What you have to do:
When you reach the line that contains "To find the" in the data below, start reproducing lines exactly, and stop after the line that contains "In today's video, I'm".

The data:
----------------

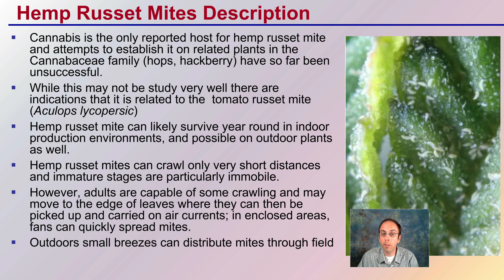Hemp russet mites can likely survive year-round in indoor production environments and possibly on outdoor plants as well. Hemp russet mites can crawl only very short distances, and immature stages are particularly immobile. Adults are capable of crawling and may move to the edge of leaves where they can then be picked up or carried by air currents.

----------------

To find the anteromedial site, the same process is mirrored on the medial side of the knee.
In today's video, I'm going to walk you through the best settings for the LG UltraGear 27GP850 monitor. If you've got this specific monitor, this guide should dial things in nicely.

----------------

Exercise output:
To find the anteromedial site, the same process is mirrored on the medial side of the knee.
In today's video, I'm going to walk you through the best settings for the LG UltraGear 27GP850 monitor. If you've got this specific monitor, this guide should dial things in nicely.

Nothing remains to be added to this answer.